Scans PDFs for links written in plaintext and checks if they are active or returns an error code. It then generates a report of its findings. Extract references (PDF, URL, DOI, arXiv) and metadata from a PDF.

Check out our sister project, Rotting Research, for a web app implementation of this project.

Features

  • Extract references and metadata from a given PDF.
  • Detects PDF, URL, arXiv and DOI references.
  • Archives valid links using Internet Archive's Wayback Machine (using the -a flag).
  • Checks for valid SSL certificate.
  • Find broken hyperlinks (using the -c flag).
  • Output as text or JSON (using the -j flag).
  • Extract the PDF text (using the --text flag).
  • Use as command-line tool or Python package.
  • Works with local and online PDFs.

Installation

Grab a copy of the code with pip:

pip install linkrot

Usage

linkrot can be used to extract info from a PDF in two ways:

  • Command line/Terminal tool linkrot
  • Python library import linkrot

1. Command Line/Terminal tool

linkrot [pdf-file-or-url]

Run linkrot -h to see the help output:

linkrot -h

usage:

linkrot [-h] [-d OUTPUT_DIRECTORY] [-c] [-j] [-v] [-t] [-o OUTPUT_FILE] [--version] pdf

Extract metadata and references from a PDF, and optionally download all referenced PDFs.

Arguments

positional arguments:

pdf (Filename or URL of a PDF file)

optional arguments:

-h, --help            (Show this help message and exit)  
-d OUTPUT_DIRECTORY,  --download-pdfs OUTPUT_DIRECTORY (Download all referenced PDFs into specified directory)  
-c, --check-links     (Check for broken links)  
-j, --json            (Output infos as JSON (instead of plain text))  
-v, --verbose         (Print all references (instead of only PDFs))  
-t, --text            (Only extract text (no metadata or references))  
-a, --archive	  (Archive actvice links)
-o OUTPUT_FILE,        --output-file OUTPUT_FILE (Output to specified file instead of console)  
--version             (Show program's version number and exit)  

PDF Samples

For testing purposes, you can find PDF samples in shared MEGA folder](https://mega.nz/folder/uwBxVSzS#lpBtSz49E9dqHtmrQwp0Ig).

Examples

Extract text to console.

linkrot https://example.com/example.pdf -t

Extract text to file

linkrot https://example.com/example.pdf -t -o pdf-text.txt

Check Links

linkrot https://example.com/example.pdf -c

2. Main Python Library

Import the library:

import linkrot

Create an instance of the linkrot class like so:

pdf = linkrot.linkrot("filename-or-url.pdf") #pdf is the instance of the linkrot class

Now the following function can be used to extract specific data from the pdf:

get_metadata()

Arguments: None

Usage:

metadata = pdf.get_metadata() #pdf is the instance of the linkrot class

Return type: Dictionary <class 'dict'>

Information Provided: All metadata, secret metadata associated with the PDF including Creation date, Creator, Title, etc...

get_text()

Arguments: None

Usage:

text = pdf.get_text() #pdf is the instance of the linkrot class

Return type: String <class 'str'>

Information Provided: The entire content of the PDF in string form.

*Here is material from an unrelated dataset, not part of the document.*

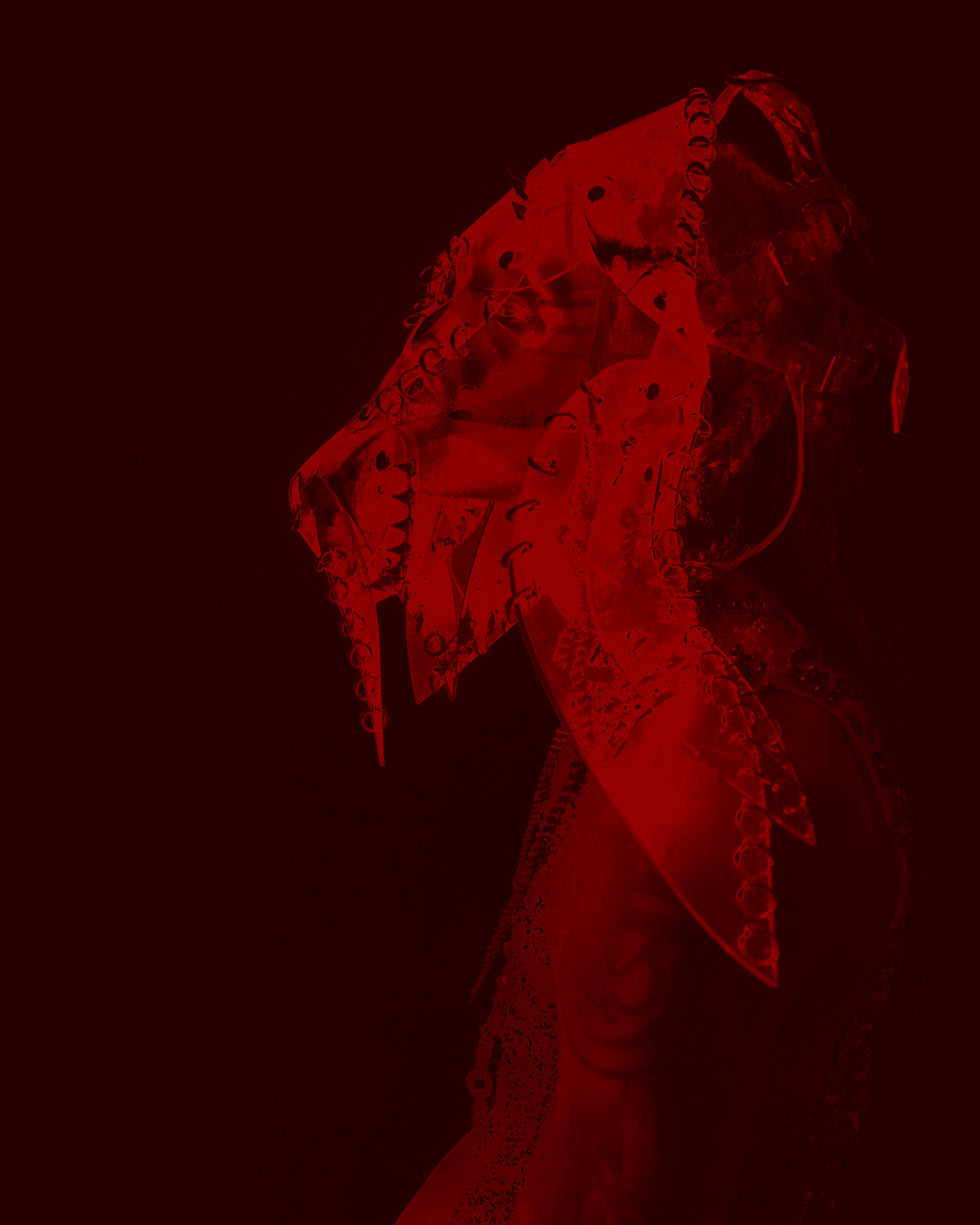lacey Foux Paper mag luxury Vegan vinyl spirit animal studded kink COS play anime headpiece mask carnival ATÉLIER JIVOMIR Halloween red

get_references(reftype=None, sort=False)

Arguments:

reftype: The type of reference that is needed 
	 values: 'pdf', 'url', 'doi', 'arxiv'. 
	 default: Provides all reference types.

sort: Whether reference should be sorted or not
      values: True or False. 
      default: Is not sorted.

Usage:

references_list = pdf.get_references() #pdf is the instance of the linkrot class

Return type: Set <class 'set'> of <linkrot.backends.Reference object>

linkrot.backends.Reference object has 3 member variables:
- ref: actual URL/PDF/DOI/ARXIV
- reftype: type of reference
- page: page on which it was referenced

Information Provided: All references with their corresponding type and page number.

get_references_as_dict(reftype=None, sort=False)

Arguments:

reftype: The type of reference that is needed 
	 values: 'pdf', 'url', 'doi', 'arxiv'. 
	 default: Provides all reference types.

sort: Whether reference should be sorted or not
      values: True or False. 
      default: Is not sorted.

Usage:

references_dict = pdf.get_references_as_dict() #pdf is the instance of the linkrot class

Return type: Dictionary <class 'dict'> with keys 'pdf', 'url', 'doi', 'arxiv' that each have a list <class 'list'> of refs of that type.

Information Provided: All references in their corresponding type list.

download_pdfs(target_dir)

Arguments:

target_dir: The path of the directory to which the reference PDFs should be downloaded 

Usage:

pdf.download_pdfs("target-directory") #pdf is the instance of the linkrot class

Return type: None

Information Provided: Downloads all the reference PDFs to the specified directory.

3. Linkrot downloader functions

Import:

from linkrot.downloader import sanitize_url, get_status_code, check_refs

sanitize_url(url)

Arguments:

url: The url to be sanitized.

Usage:

new_url = sanitize_url(old_url) 

Return type: String <class 'str'>

Information Provided: URL is prefixed with 'http://' if it was not before and makes sure it is in utf-8 format.

get_status_code(url)

Arguments:

url: The url to be checked for its status. 

Usage:

status_code = get_status_code(url) 

Return type: String <class 'str'>

Information Provided: Checks if the URL is active or broken.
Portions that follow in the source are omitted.